-- Records for the exercise follows --

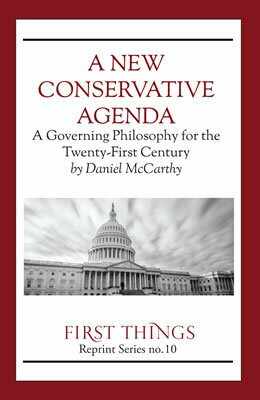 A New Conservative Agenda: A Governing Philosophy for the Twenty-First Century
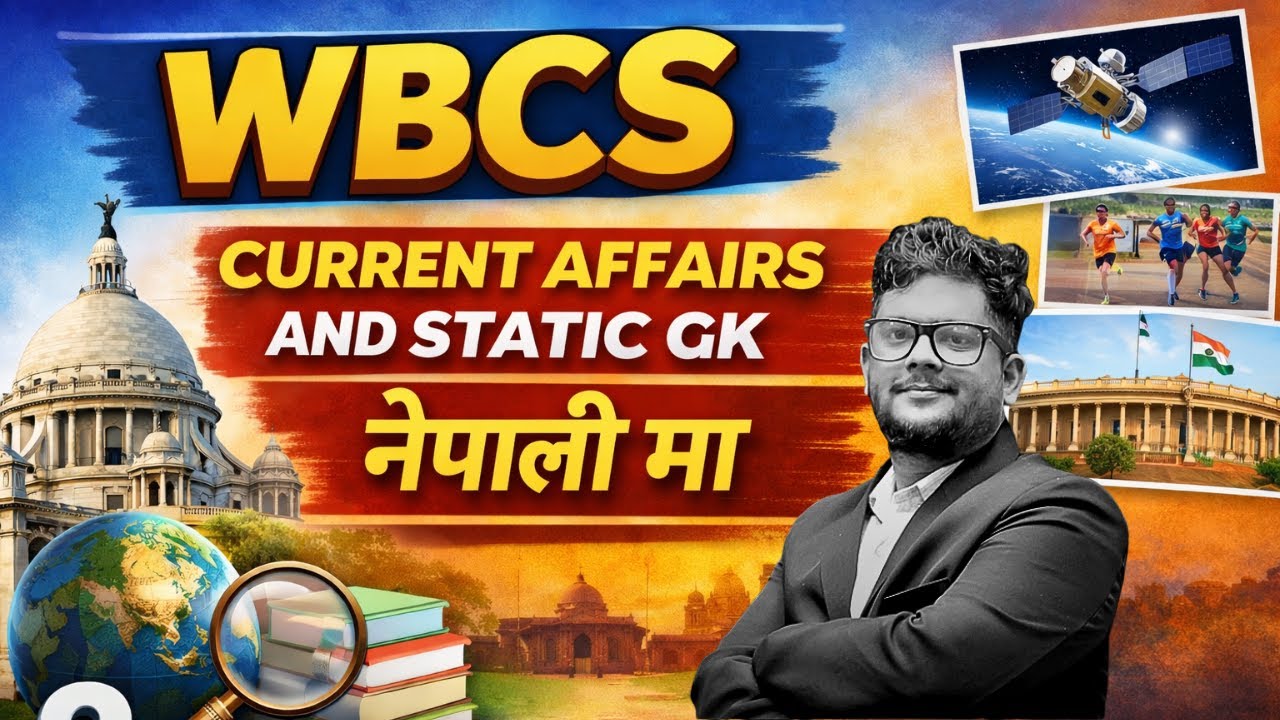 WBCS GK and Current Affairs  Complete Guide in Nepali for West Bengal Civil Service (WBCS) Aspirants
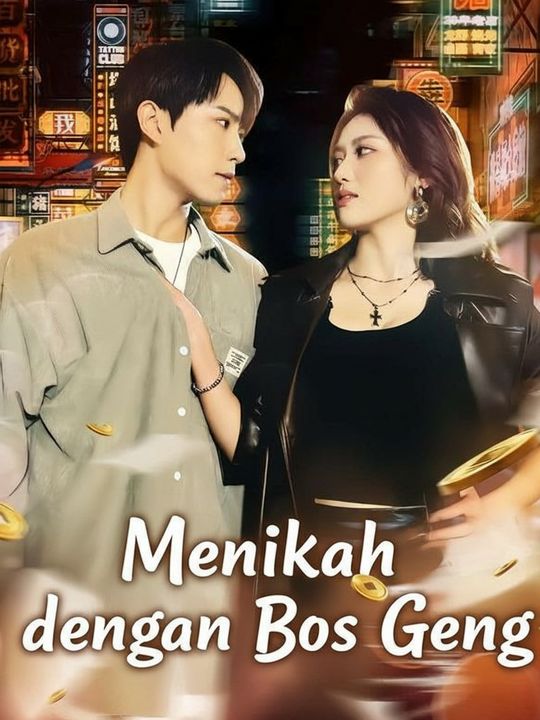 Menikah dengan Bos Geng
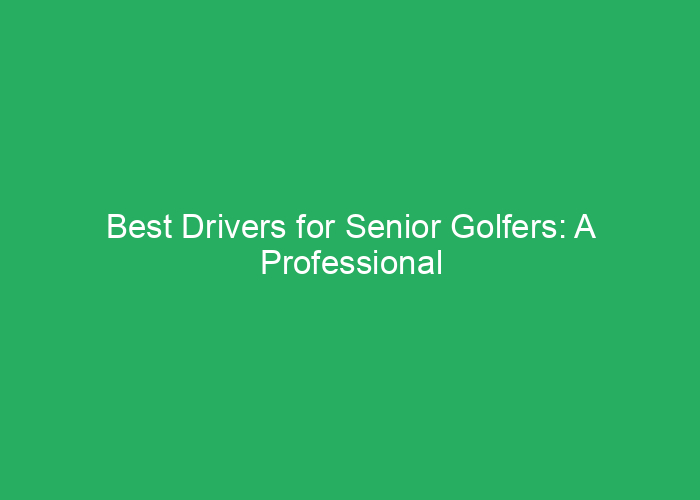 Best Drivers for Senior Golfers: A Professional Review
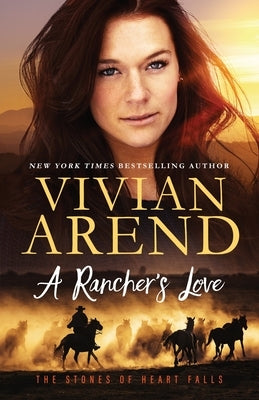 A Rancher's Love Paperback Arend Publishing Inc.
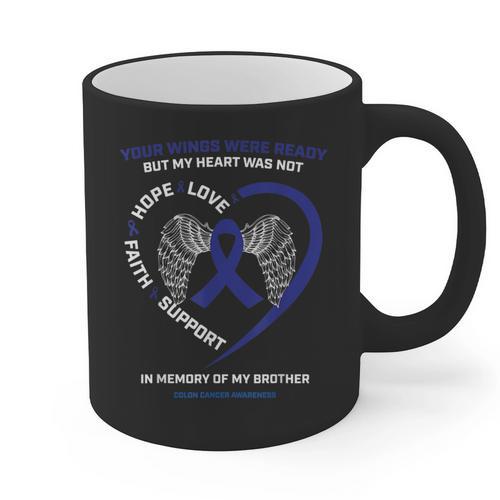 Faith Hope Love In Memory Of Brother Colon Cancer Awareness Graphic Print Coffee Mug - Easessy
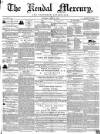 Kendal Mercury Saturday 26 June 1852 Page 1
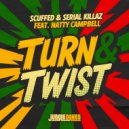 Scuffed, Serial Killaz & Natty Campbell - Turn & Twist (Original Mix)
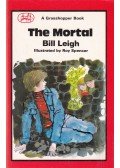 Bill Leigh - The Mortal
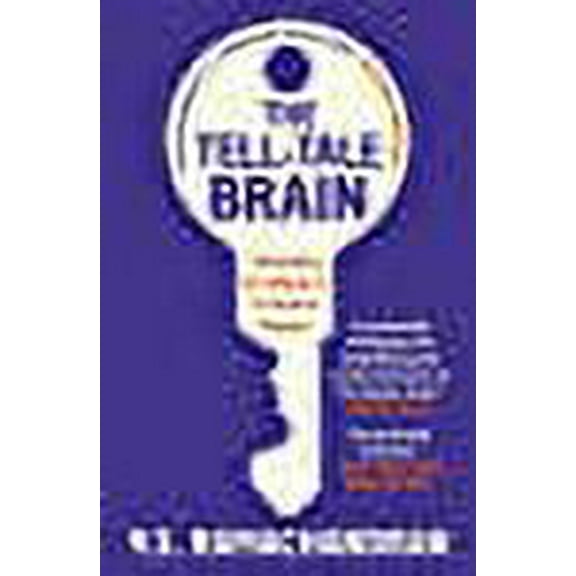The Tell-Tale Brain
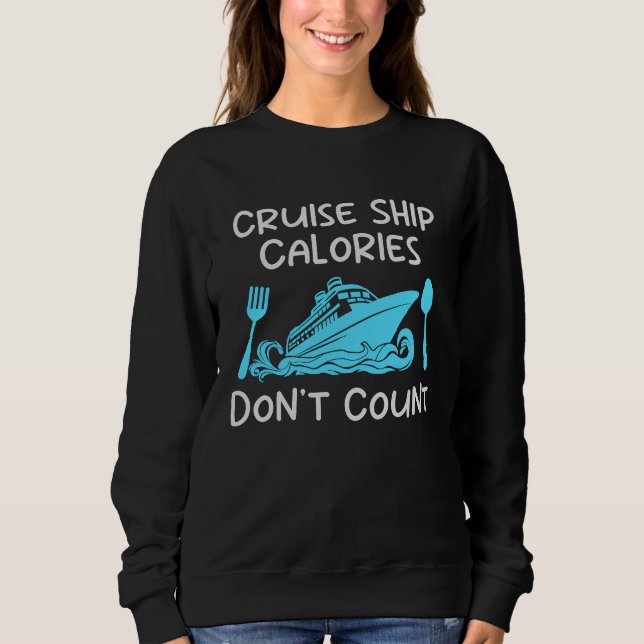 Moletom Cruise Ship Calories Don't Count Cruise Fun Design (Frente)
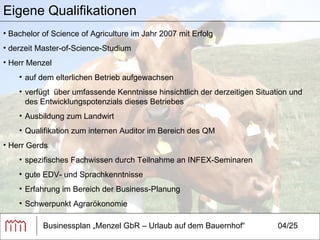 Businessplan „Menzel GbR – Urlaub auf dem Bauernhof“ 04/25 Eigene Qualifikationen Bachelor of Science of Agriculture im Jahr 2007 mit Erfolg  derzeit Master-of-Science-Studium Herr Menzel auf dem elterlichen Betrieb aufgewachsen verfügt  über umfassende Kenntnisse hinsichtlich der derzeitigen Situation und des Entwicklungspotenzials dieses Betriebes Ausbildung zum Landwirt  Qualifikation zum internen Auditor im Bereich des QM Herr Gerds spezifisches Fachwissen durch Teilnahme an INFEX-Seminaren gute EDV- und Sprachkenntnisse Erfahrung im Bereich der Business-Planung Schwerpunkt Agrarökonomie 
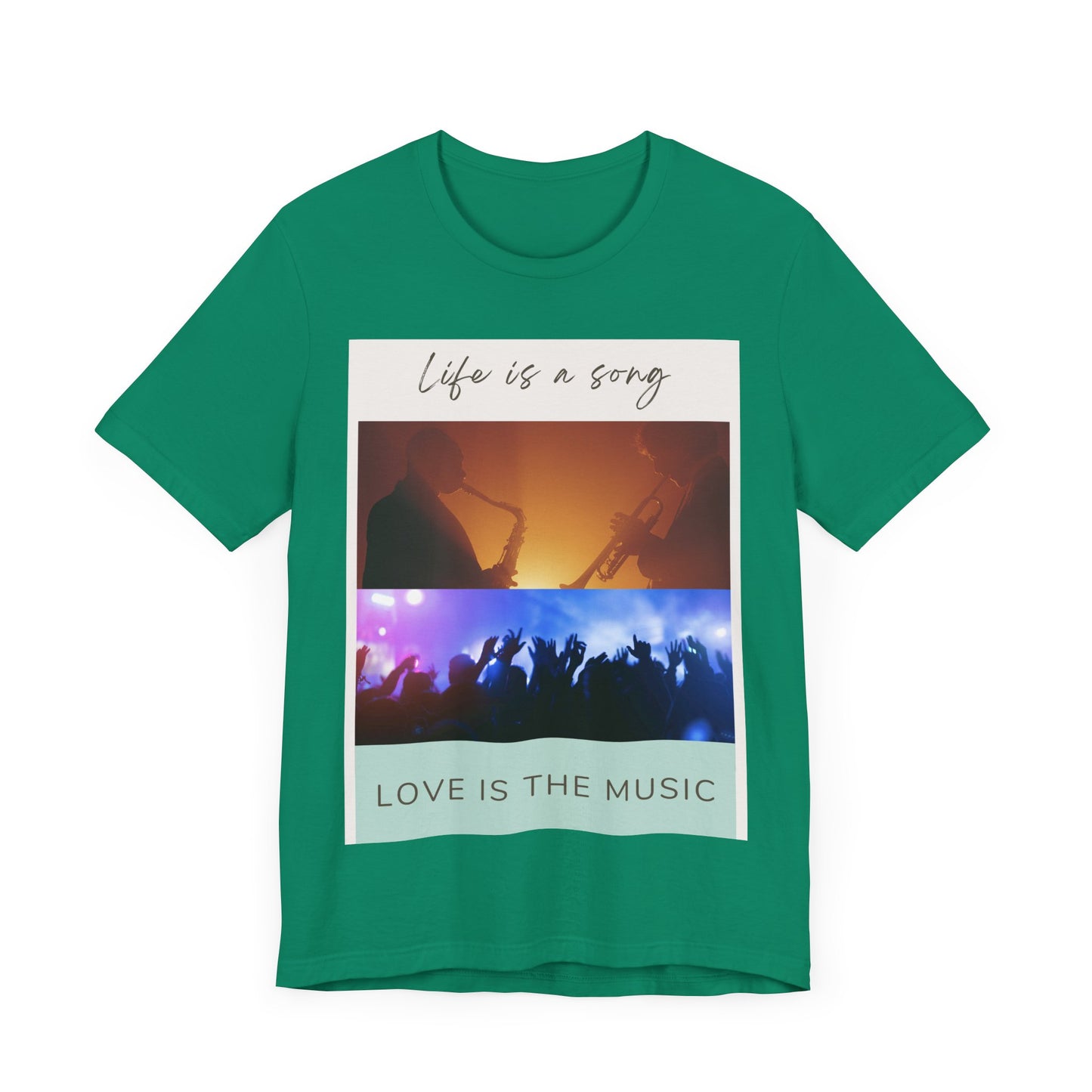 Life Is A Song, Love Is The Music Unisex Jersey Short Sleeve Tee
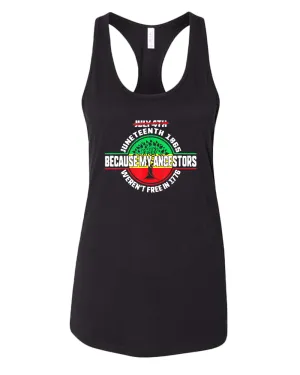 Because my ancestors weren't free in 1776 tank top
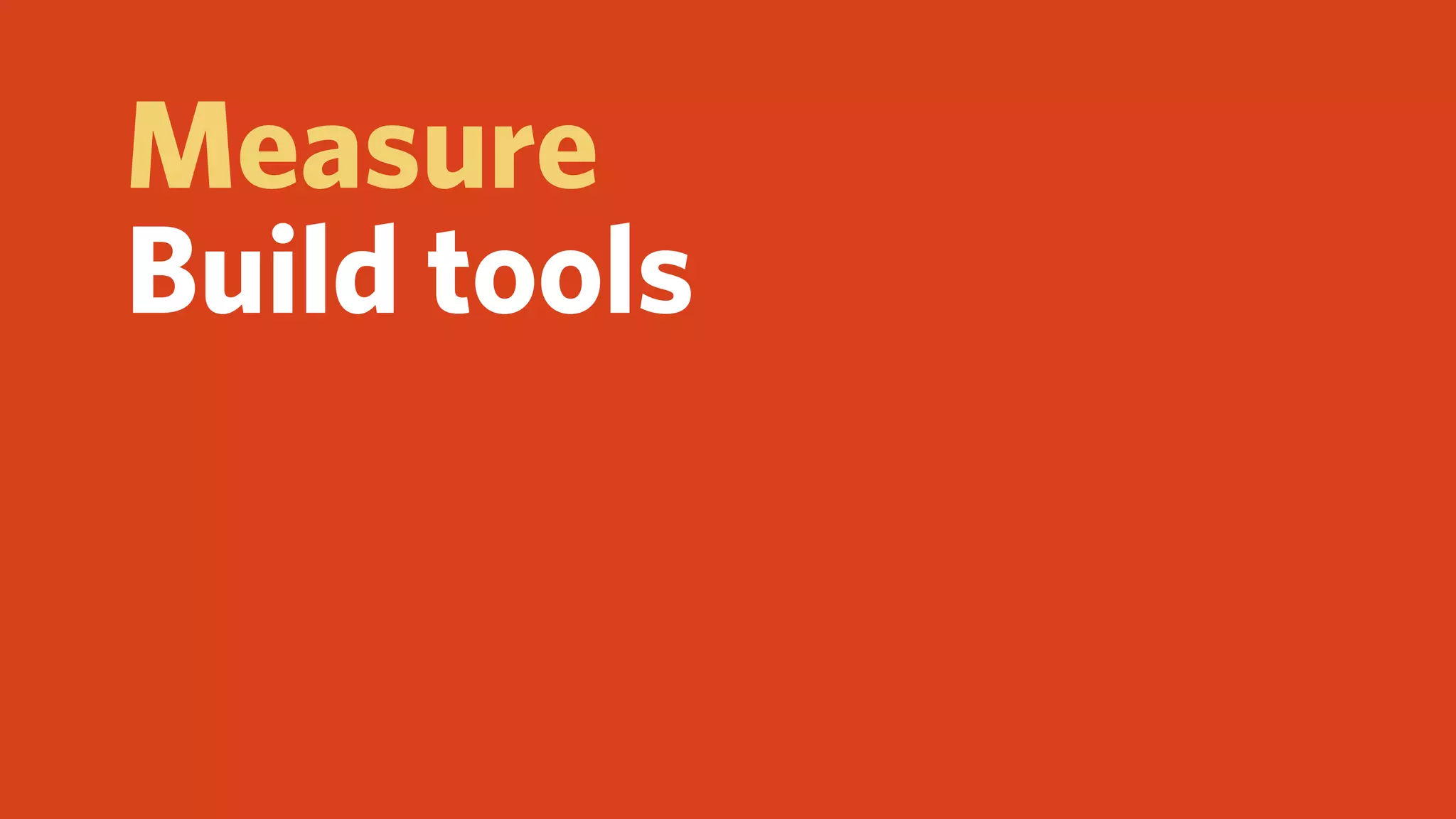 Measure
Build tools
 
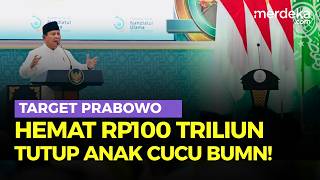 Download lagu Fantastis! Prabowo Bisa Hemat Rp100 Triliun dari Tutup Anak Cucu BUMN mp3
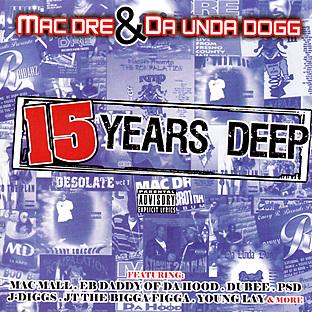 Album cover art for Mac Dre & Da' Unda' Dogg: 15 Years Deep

-- Records for the exercise concluded --

> _What is needed_: Since the pictures are not part of the copy, please transcribe only the lines above from the one with "Faith Hope Love" through the one with "Moletom Cruise Ship", exactly and with both ends.

> _Written solution_:
 Faith Hope Love In Memory Of Brother Colon Cancer Awareness Graphic Print Coffee Mug - Easessy
 Kendal Mercury Saturday 26 June 1852 Page 1
 Scuffed, Serial Killaz & Natty Campbell - Turn & Twist (Original Mix)
 Bill Leigh - The Mortal
The Tell-Tale Brain
 Moletom Cruise Ship Calories Don't Count Cruise Fun Design (Frente)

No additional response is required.